El olvido es el hueco que resta cuando lo que fue es negado, e iniciamos el proceso de culminación de nuestra finitud. La memoria minimiza cuantitativamente lo vivido, desaparecen acontecimientos y solo nos queda el rastro emocional difuso, por cuanto no sabemos de qué proviene.
Empezamos a morir cuando olvidamos; la existencia se reduce a una sensación escasa de hechos, aunque a una abundancia de emociones. Y, gracias al olvido, nos orientamos por esos sentimientos arraigados que nos generan la certeza de qué deseamos seguir viviendo y qué no.
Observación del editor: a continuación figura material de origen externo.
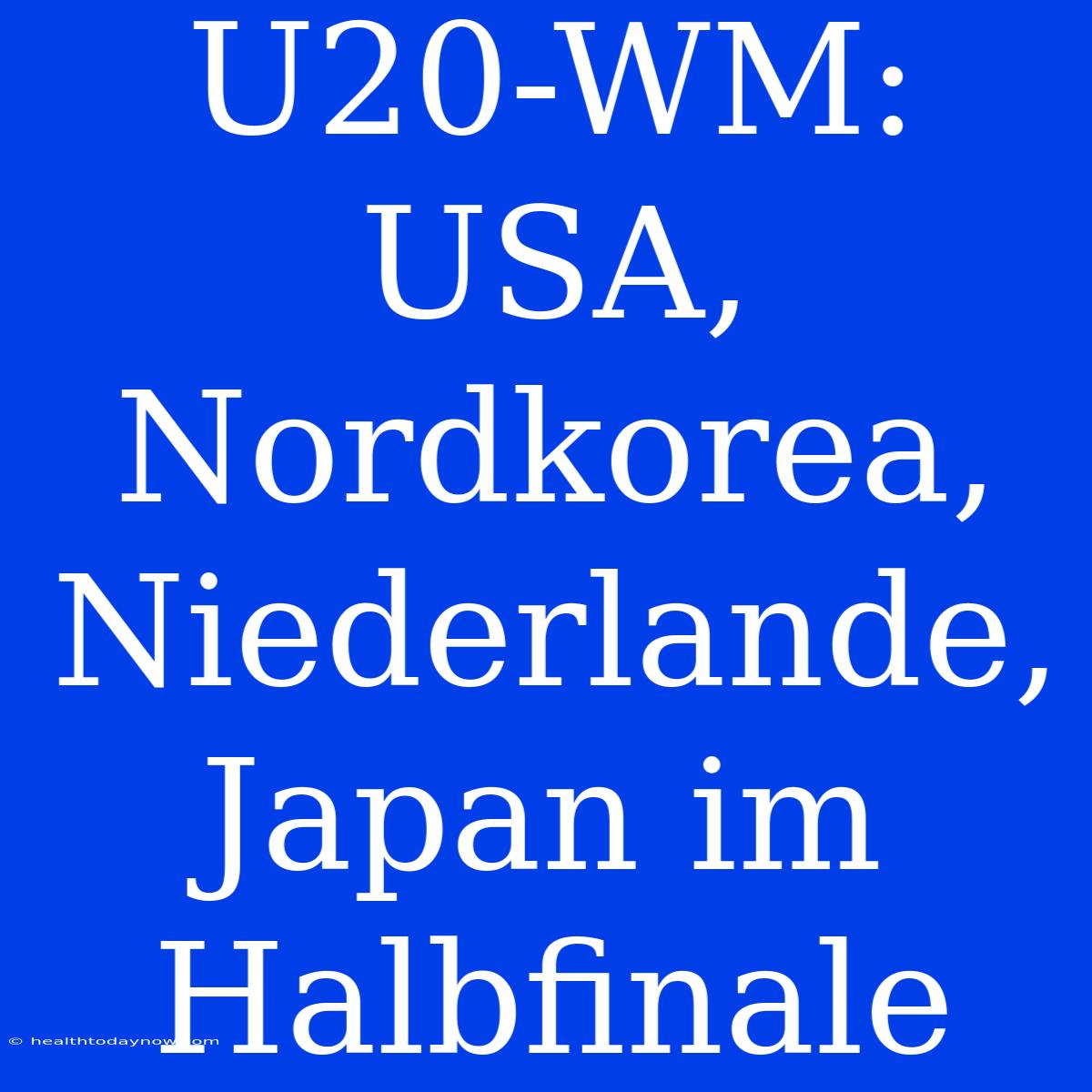 U20-WM: USA, Nordkorea, Niederlande, Japan Im Halbfinale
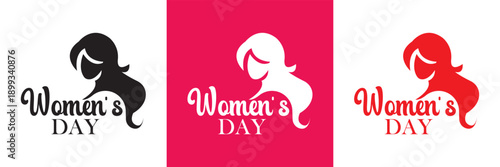 Happy Women’s Day calligraphy typography design. Elegant hand lettering Happy Women’s Day design displayed in modern calligraphy style with feminine typography across contrasting backgrounds.

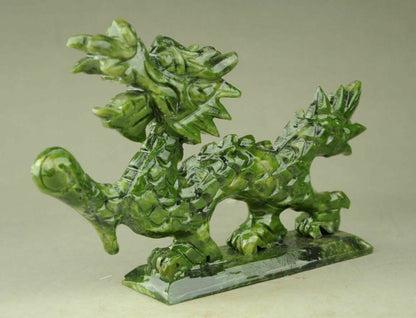 Exquisite Natural Jade Handmade Hand-carved Dragon Statues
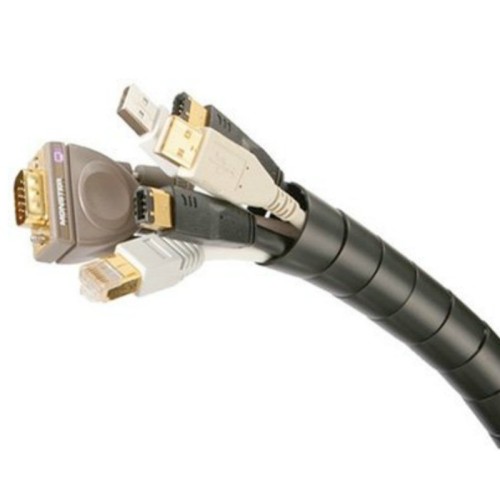 Cable bundle with a diameter of 25mm and a length of 20 meters in black.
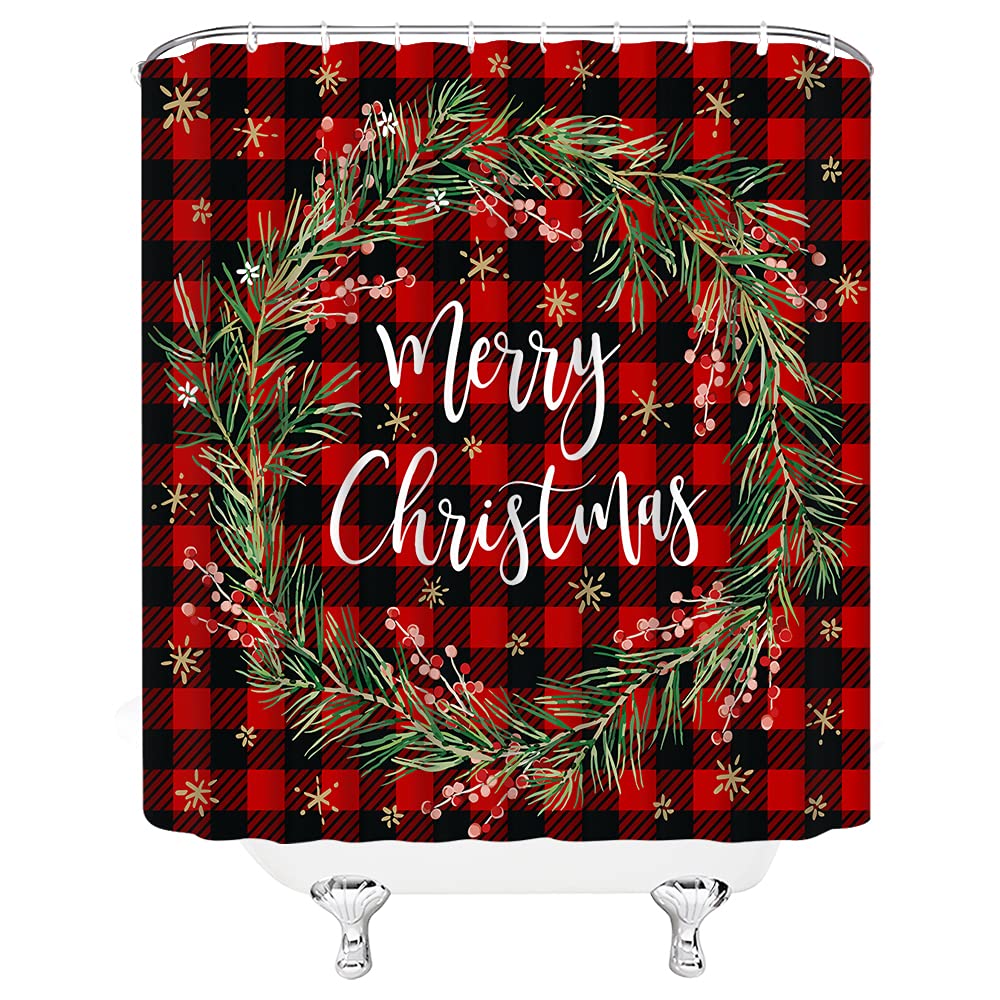 Merry Christmas Shower Curtain Xmas Garland Holly Wreath Snowflake Red Checkered Plaid Berry Winter Holiday Happy New Year Fabric Bathroom Decor Set with Hooks（70" WX70 H）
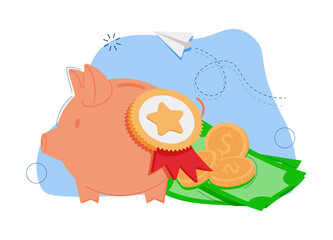 Piggy bank Money creative business concept. Pink pig and pile gold coins and paper green dollars.
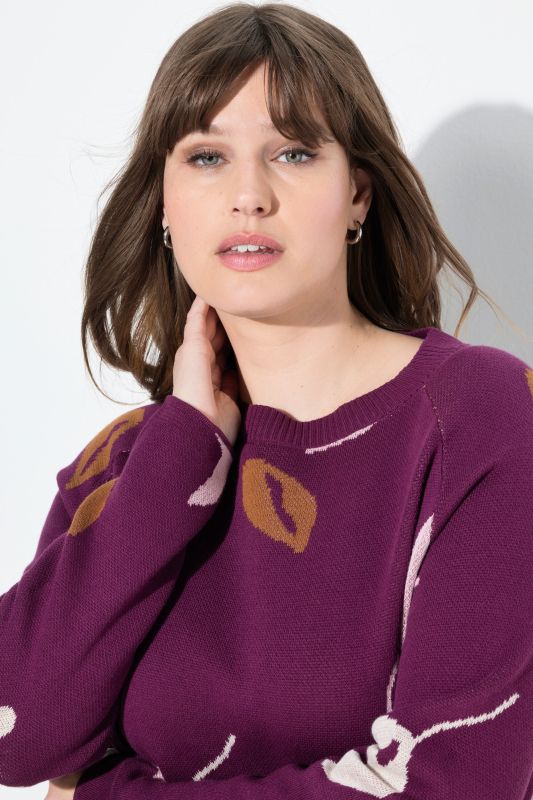 Eco Cotton Leaf Pattern Long Sleeve Sweater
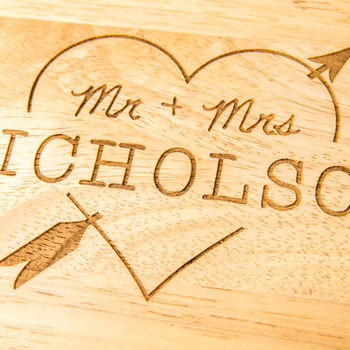 Personalised Wedding Cheese Board Set 'Heart And Arrow', 4 of 7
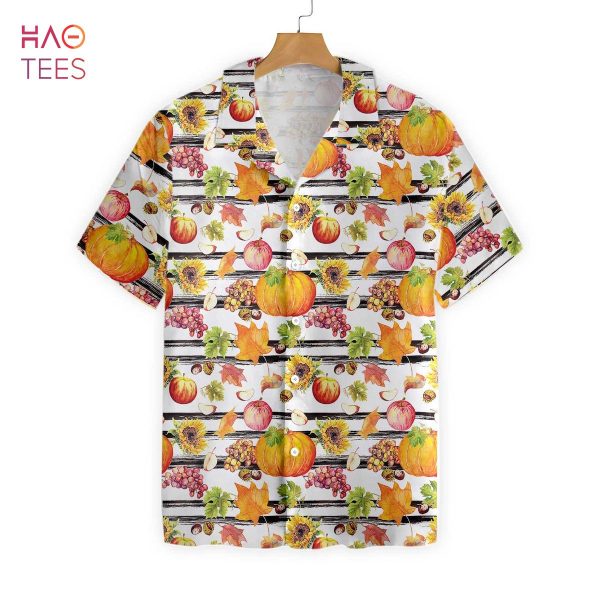 [BEST] Watercolor Thanksgiving Vegetables With Black Stripes Hawaiian Shirt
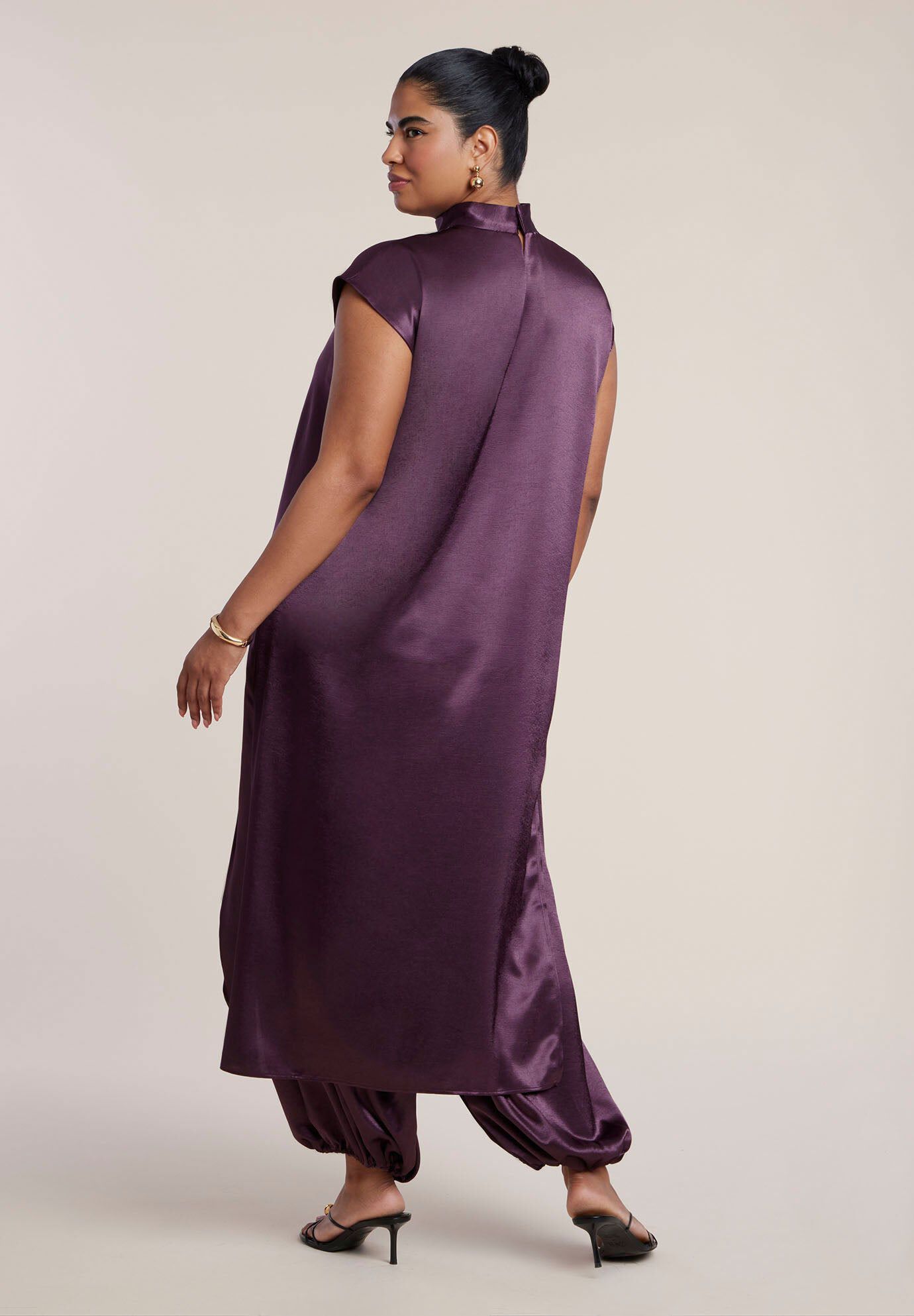 Satin Asymmetric Duster Top, WINTER BLOOM, hi-res image number 0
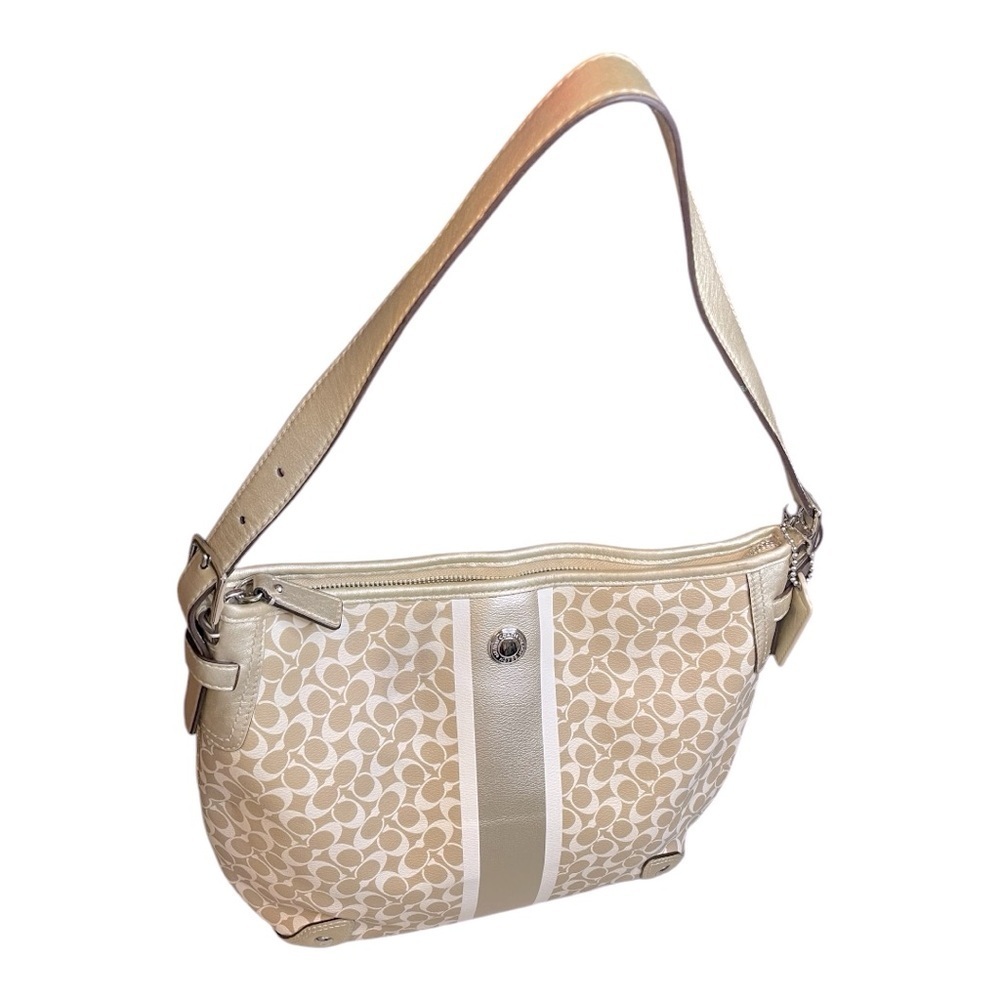 Coach Tan and White Crossbody Bag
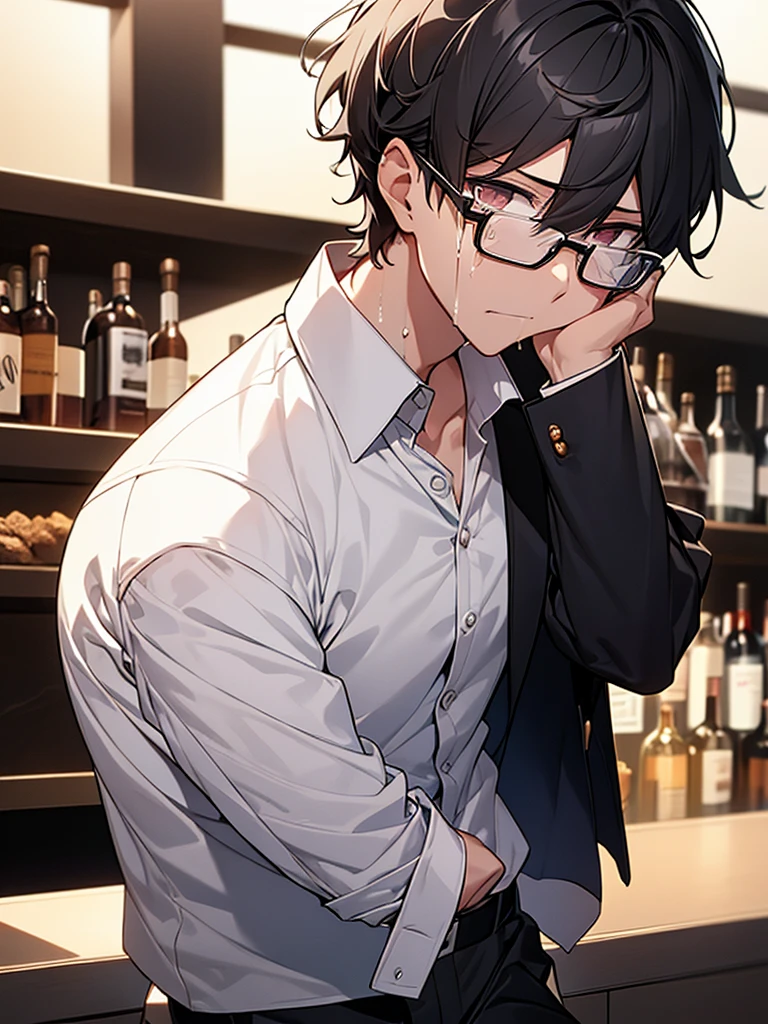 Black-haired, nerdy young man, white shirt, jacket, bar counter, pitiful crying face, wrinkles on eyebrows, glasses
Nuestro existir deviene un reducto en plenitud, ya que, aunque carentes de algunos, o munchos, recuerdos, sentimos haber vivido. Si alguien nos requiere una explicación de algún acontecimiento, podemos distorsionarla; es decir, inclusive el recuerdo ha sido esculpido de lo que tuvo de bueno, si era bueno; e intensificado lo malo, si era malo. El recuerdo es vívido, porque contiene nuestra experiencia emocional; el olvido es oscuridad, si tenemos conciencia de que algo había; y vacío cuando ni tan siquiera somos conscientes de haber olvidado un algo.
Así, olvidamos en ese tránsito lento y pausado -la existencia- hacia la muerte, y solo quien ha olvidado ha vivido suficientemente como para hacer gala de ser prácticamente lo que resta tras el olvido.